DETAILS: The problem stated as-is is recoverable, and in a machine learning problem statement, we take the problem as-defined, not how it could be defined. For any # of jugs of any sizes, as long as we start with only one jug filled, the entire system is recoverable - but if more than one jugs are filled, that changes the entire problem, and can make it irrecoverable.

[0, 0, ..., X,   ..., 0] <-- only one jug filled
[2, 0, ..., X-2, ..., 0]
...
[2, 4, ..., ?,   ..., 7] <-- some arbitrary state
...
[0, 0, ..., X,   ..., 0] <-- RECOVERED; empty all other jugs into original jug

Update: the system is also recoverable if starting with any # of jugs filled, as long as they're fully filled. They also don't necessarily have to be fully filled, but it then becomes jugsize-dependent, and no generalization w/o mathematical formulation can be made.

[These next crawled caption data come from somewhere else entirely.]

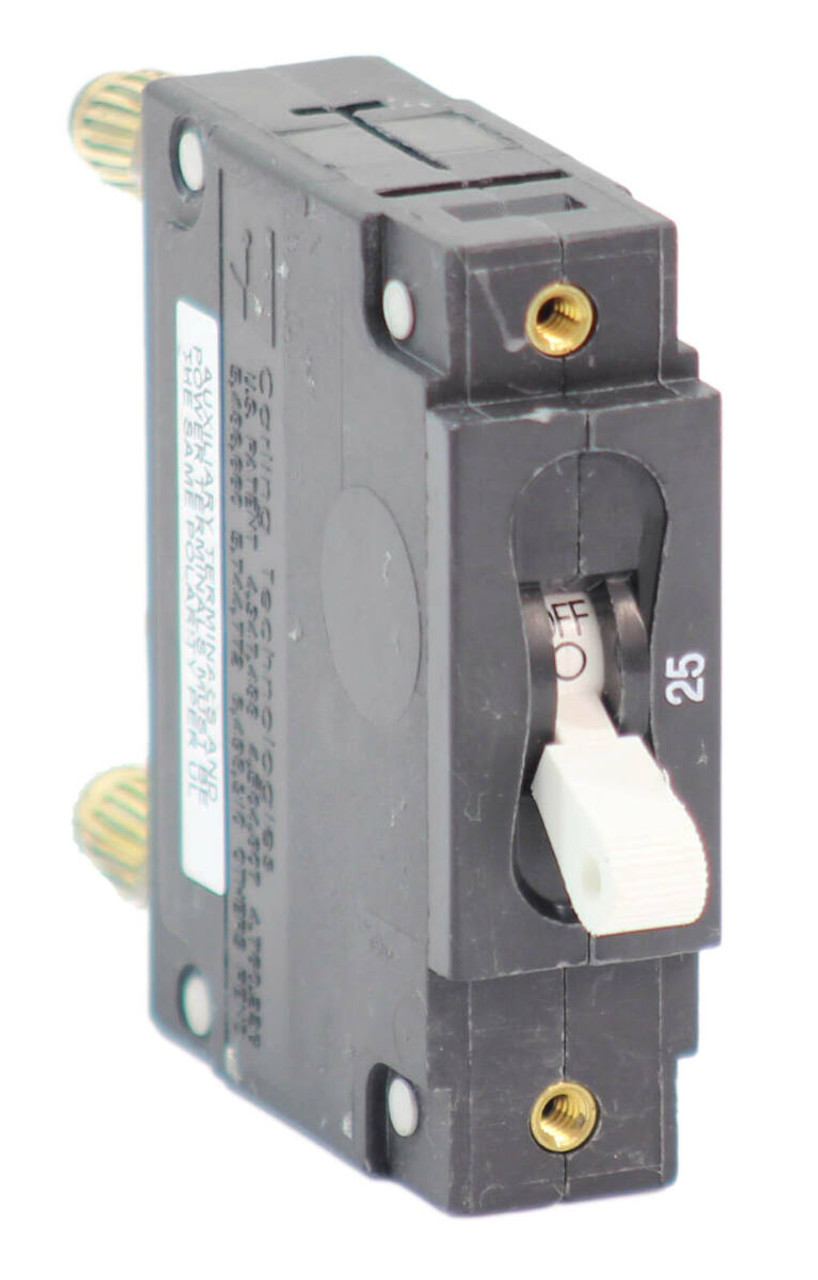 Carling CT1-X0-18-725-A11-MG Breaker 25A 80V Single Pole 50kA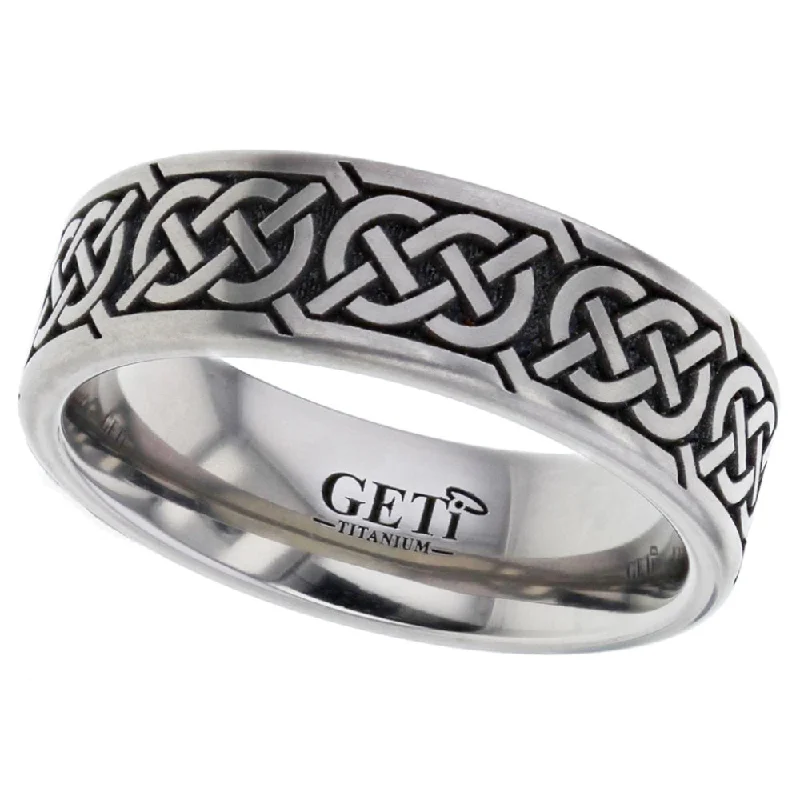 Celtic Titanium Ring - 2226-CLK7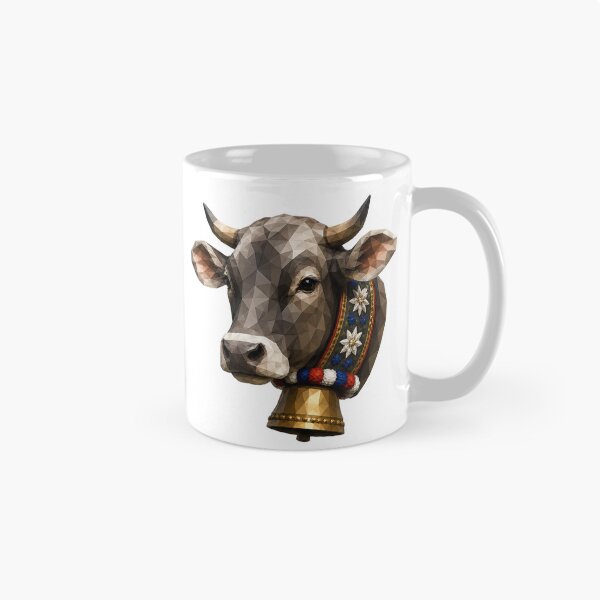 Item preview, Copy of Geometric Black and White Cow, Low Poly Cow Head, Modern Animal Art designed and sold by filou designs.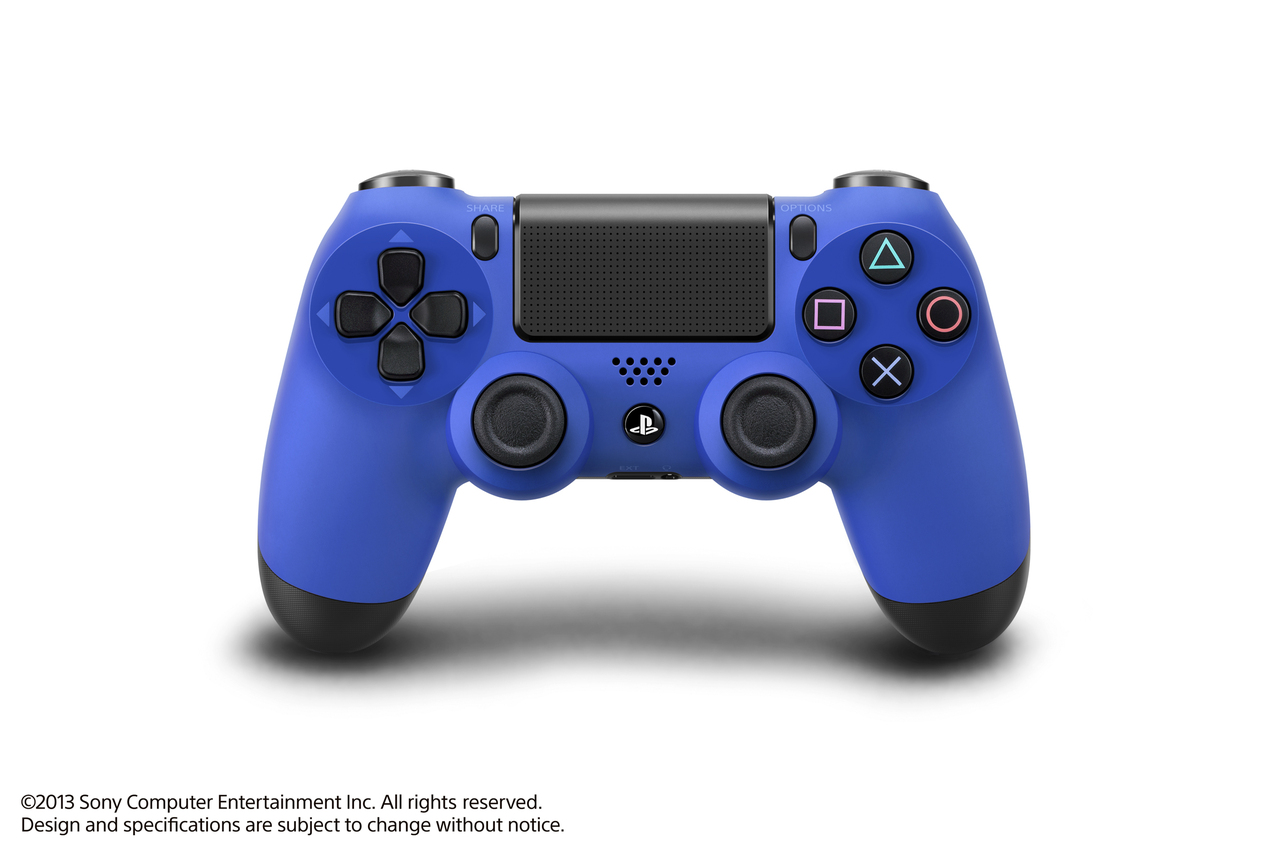 PlayStation 4 : les pads rouge et bleu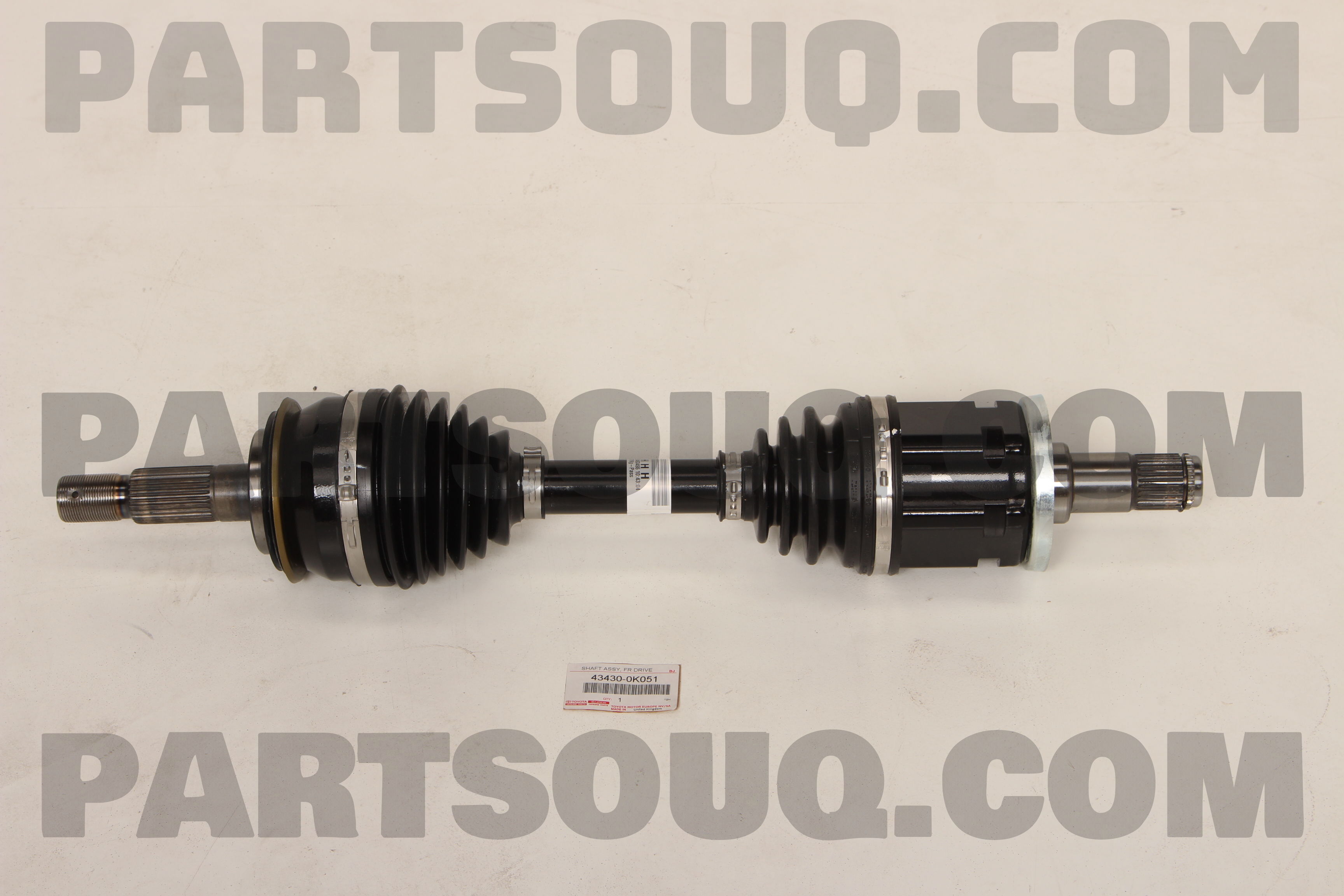 SHAFT ASSY, FRONT DRIVE, RH/LH 434300K051 | Toyota Parts | PartSouq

DEFINITIONS: OP hasn't defined "recoverable", "irrecoverable", or "ignorable" - and neither Google nor DuckDuckGo reveal much. Giving my best attempt at making sense of it, each can be defined as follows:

  • Recoverable: state t0 can be restored from any other state T when starting at t0
  • Irrecoverable: there exists some state T we can get to from t0, but no longer revert to t0
  • Ignorable: we don't care, and can solve the problem at hand either way

Irrecoverable example: [0, 1, 2] --> [0, 0, 3]. Goodbye forever, 1 liter & 2 liters.


Ignorable example: goal: two jugs empty. In this case, both the original [12, 0, 0] and the irrecoverable case [0, 1, 2] work.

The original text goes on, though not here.